In the recent Deloitte 2010 Ethics and Workplace Survey, 32 percent of employees surveyed say that they are just waiting for the economy to turn around so they can look for employment.The first step in protecting assets is understanding what those assets are; how the law defines them; and what measures are required by law to protect them against disclosure.

What is a Trade Secret?

In NH (and about 40 other states), trade secrets are defined and protected by a statute known as the Uniform Trade Secrets Act (UTSA). The act defines the term "trade secrets" intentionally broadly, stating a trade secret is any "information, including a formula, pattern, compilation, program, device, method, technique, or process" that derives value from not being generally known to, and not being readily ascertainable by proper means by other persons who can obtain economic value from its disclosure or use; and is the subject of reasonable efforts to maintain its secrecy.

A simpler test, at least initially, is to ask, "Would I care if my main competitor had this information? Would he or she care if I had it?" If the answer is "yes," then the information could be a trade secret and a more specific investigation is required.

Other questions that might be asked to determine whether information is a trade secret include:
How much did the company spend (in money, time and effort) on the development of the information?
How easily could the information be duplicated, reverse engineered, de-compiled or otherwise lawfully or independently acquired?
How widely known is the information, and what would it require for another company to legitimately acquire it?

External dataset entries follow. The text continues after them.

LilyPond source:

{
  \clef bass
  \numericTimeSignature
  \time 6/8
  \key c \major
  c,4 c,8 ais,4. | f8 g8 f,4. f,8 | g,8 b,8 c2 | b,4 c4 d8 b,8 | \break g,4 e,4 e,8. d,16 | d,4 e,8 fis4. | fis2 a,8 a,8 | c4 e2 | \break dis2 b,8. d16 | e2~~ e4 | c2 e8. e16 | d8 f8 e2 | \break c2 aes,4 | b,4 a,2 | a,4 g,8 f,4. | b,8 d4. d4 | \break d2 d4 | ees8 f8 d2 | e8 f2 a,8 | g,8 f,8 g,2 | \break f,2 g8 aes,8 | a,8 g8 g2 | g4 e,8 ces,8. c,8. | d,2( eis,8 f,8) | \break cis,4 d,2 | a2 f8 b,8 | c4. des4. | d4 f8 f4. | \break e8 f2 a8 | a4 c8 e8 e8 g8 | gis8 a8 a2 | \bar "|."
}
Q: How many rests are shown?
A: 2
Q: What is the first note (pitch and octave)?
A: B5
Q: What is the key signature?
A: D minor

The courts have determined that a range of information can, under certain circumstances, constitute a protectable trade secret. This includes almost all manner of technical data; specialized manufacturing processes; cost margin information; marketing, pricing and acquisition strategies; specific manufacturing "ingredients;" customer lists; and other information that cannot be regarded as general know-how and skills acquired in the course of one's employment.

Measures to Maintain Secrecy

Once you have determined that your information is valuable and potentially a trade secret, UTSA requires that the company take "reasonable" steps to maintain the secrecy of the information.

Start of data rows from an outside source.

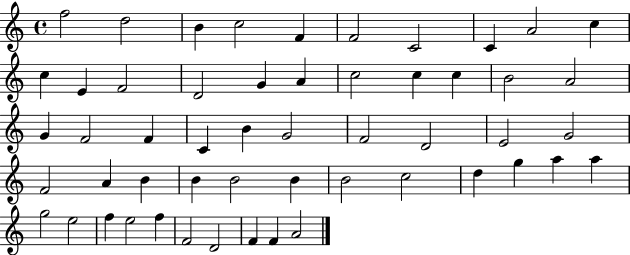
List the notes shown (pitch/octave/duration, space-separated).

F5/h D5/h B4/q C5/h F4/q F4/h C4/h C4/q A4/h C5/q C5/q E4/q F4/h D4/h G4/q A4/q C5/h C5/q C5/q B4/h A4/h G4/q F4/h F4/q C4/q B4/q G4/h F4/h D4/h E4/h G4/h F4/h A4/q B4/q B4/q B4/h B4/q B4/h C5/h D5/q G5/q A5/q A5/q G5/h E5/h F5/q E5/h F5/q F4/h D4/h F4/q F4/q A4/h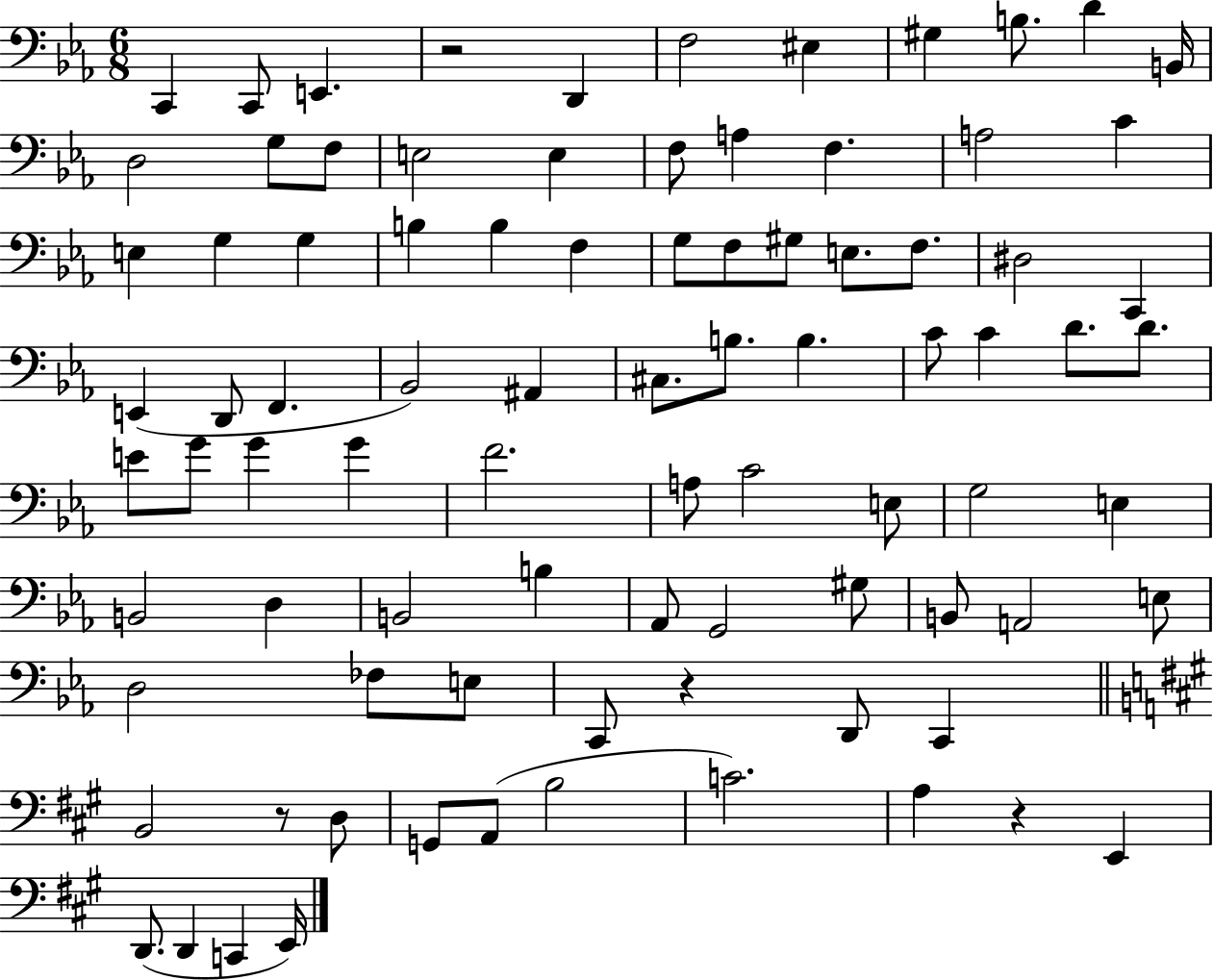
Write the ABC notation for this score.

X:1
T:Untitled
M:6/8
L:1/4
K:Eb
C,, C,,/2 E,, z2 D,, F,2 ^E, ^G, B,/2 D B,,/4 D,2 G,/2 F,/2 E,2 E, F,/2 A, F, A,2 C E, G, G, B, B, F, G,/2 F,/2 ^G,/2 E,/2 F,/2 ^D,2 C,, E,, D,,/2 F,, _B,,2 ^A,, ^C,/2 B,/2 B, C/2 C D/2 D/2 E/2 G/2 G G F2 A,/2 C2 E,/2 G,2 E, B,,2 D, B,,2 B, _A,,/2 G,,2 ^G,/2 B,,/2 A,,2 E,/2 D,2 _F,/2 E,/2 C,,/2 z D,,/2 C,, B,,2 z/2 D,/2 G,,/2 A,,/2 B,2 C2 A, z E,, D,,/2 D,, C,, E,,/4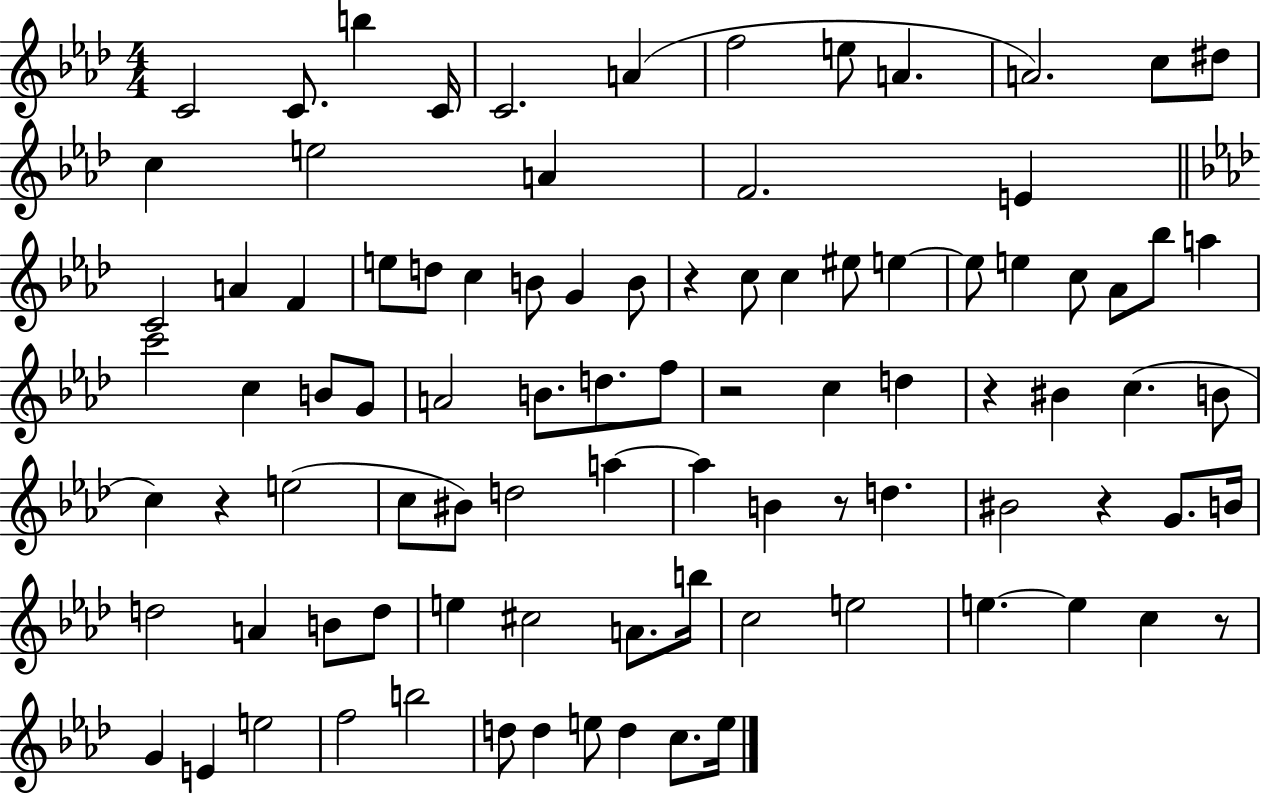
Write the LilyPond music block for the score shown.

{
  \clef treble
  \numericTimeSignature
  \time 4/4
  \key aes \major
  c'2 c'8. b''4 c'16 | c'2. a'4( | f''2 e''8 a'4. | a'2.) c''8 dis''8 | \break c''4 e''2 a'4 | f'2. e'4 | \bar "||" \break \key aes \major c'2 a'4 f'4 | e''8 d''8 c''4 b'8 g'4 b'8 | r4 c''8 c''4 eis''8 e''4~~ | e''8 e''4 c''8 aes'8 bes''8 a''4 | \break c'''2 c''4 b'8 g'8 | a'2 b'8. d''8. f''8 | r2 c''4 d''4 | r4 bis'4 c''4.( b'8 | \break c''4) r4 e''2( | c''8 bis'8) d''2 a''4~~ | a''4 b'4 r8 d''4. | bis'2 r4 g'8. b'16 | \break d''2 a'4 b'8 d''8 | e''4 cis''2 a'8. b''16 | c''2 e''2 | e''4.~~ e''4 c''4 r8 | \break g'4 e'4 e''2 | f''2 b''2 | d''8 d''4 e''8 d''4 c''8. e''16 | \bar "|."
}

The implementation of reasonable measures to maintain secrecy allows a company to counter an argument by an alleged misappropriator of trade secrets that she or he had no reason to suspect information was protected and valued. Although the specific measures used will depend on the business of the company and the nature of the information, here is a partial list of security measures to consider:
Provide a Trade Secret Policy that is known to and disseminated among employees;
Provide a Computer Use Policy, making clear that the employer's electronic resources, including e-mail, belong to the company and may be used only for company business purposes;
Create non-solicitation and non-disclosure agreements with employees and with third parties, such as licensees and vendors, which describe the information not to be disclosed with some specificity;
Create non-compete agreements with employees;
Employ oversight policies and procedures to prevent inadvertent disclosure of trade secrets by e-mail, seminars, speaking engagements, or at trade shows, by employees;
Stamp documents with trade secrets "confidential and proprietary";
Limit the number and use of documents and drawings reflecting trade secrets, and require the collection of said copies after use at meetings and the like;
Authorize passwords for access to copying machines and computers;
Advise employees, on a regular basis, concerning the company's trade secrets and confidential business information;
Use exit interviews to obtain documents from departing employees and to remind them of their obligations under agreements and the law not to disclose confidential business information.

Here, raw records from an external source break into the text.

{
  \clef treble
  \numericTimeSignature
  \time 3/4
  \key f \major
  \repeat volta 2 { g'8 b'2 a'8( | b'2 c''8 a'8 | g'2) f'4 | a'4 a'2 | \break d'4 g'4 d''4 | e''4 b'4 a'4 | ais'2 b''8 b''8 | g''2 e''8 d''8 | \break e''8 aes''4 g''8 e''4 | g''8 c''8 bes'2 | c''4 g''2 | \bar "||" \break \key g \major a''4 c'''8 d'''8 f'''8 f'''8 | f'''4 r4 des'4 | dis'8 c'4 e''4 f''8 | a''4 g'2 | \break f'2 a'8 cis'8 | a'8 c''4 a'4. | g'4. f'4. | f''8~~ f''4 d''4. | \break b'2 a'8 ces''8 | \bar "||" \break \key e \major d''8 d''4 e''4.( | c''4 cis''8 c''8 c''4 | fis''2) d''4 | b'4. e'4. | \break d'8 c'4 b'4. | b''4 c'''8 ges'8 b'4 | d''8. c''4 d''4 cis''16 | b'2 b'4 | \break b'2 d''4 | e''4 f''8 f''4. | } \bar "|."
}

Adopting these measures tells employees-and, if subsequently necessary, the courts-what is considered secret, and indicates that the employer is serious about prohibiting disclosure of sensitive information.

When Employees Leave

Of the measures listed above, several are especially important when a worker leaves to join a competitor. For example, the exit interview can pull together several of the threads of the company's overall objective of maintaining the confidentiality of its business information and trade secrets and protecting against disclosure by departing employees.

In addition, a departing employee should be advised about the company's trade secrets policy and handed another copy of the written policy. The departing employee should be told not to disclose information relating to the business and reminded of his or her obligations under the confidentiality and non-disclosure agreement.

If the human resources department typically conducts exit interviews, consider having a manager or co-worker who is more familiar with the departing employee's responsibilities, projects and knowledge of the company's business observe and participate.

Finally, the employee should sign an Exit Interview and Departure Acknowledgment Form, which essentially confirms the employee's obligations and acknowledges that he or she has returned all company information.

Increasingly common are arrangements in which employees have remote access to company information, use home offices or telecommute. In those cases, employers must collect laptops, company material from home computers, company-issued cell phones and the like.

If there is any concern that the departing employee will be competing unfairly or unlawfully, the employer will need to secure and preserve all these materials, including the hard drive of any work desktop computers and laptops. The departing employee should be advised, in writing, to secure and preserve the data on any home or personal computer for business. These are often invaluable sources of evidence.

Trade Secrets in the Digital World

As secrecy is the heart of this issue, be aware that courts require "eternal vigilance." Electronic storage and digital communications have created challenges, and raised significant questions, for businesses. Consider the recent case of Diamond Power International v. Davidson in which an employer, Diamond Power, sued an operations manager for trade secret misappropriation.

Diamond Power identified nine alleged trade secrets, including a Hardware Book File, a Parts Identification Library (PI Library), Parts Identification Configurator (PI Configurator) and a Field Weld Instruction Configurator (FWI Configurator). The manager challenged the existence of these trade secrets by asserting that Diamond had failed to take steps "reasonable under the circumstances" to protect these reports and functionalities.

Importantly, the Court evaluated the security extended over each report to determine whether Diamond's efforts were "reasonable under the circumstances." The evidence showed that Diamond had two networks: the general company network called the "P-Drive," and the "Oracle Network," consisting mostly of company financial information and reports. The P-Drive was available to all 350 Diamond employees, who were issued a user name and password and required to sign a "Computer Security and Non-Disclosure Agreement" with the company. In contrast, access to the Oracle Network required an additional password issued to only a limited number of employees based on the specific tasks required by their jobs.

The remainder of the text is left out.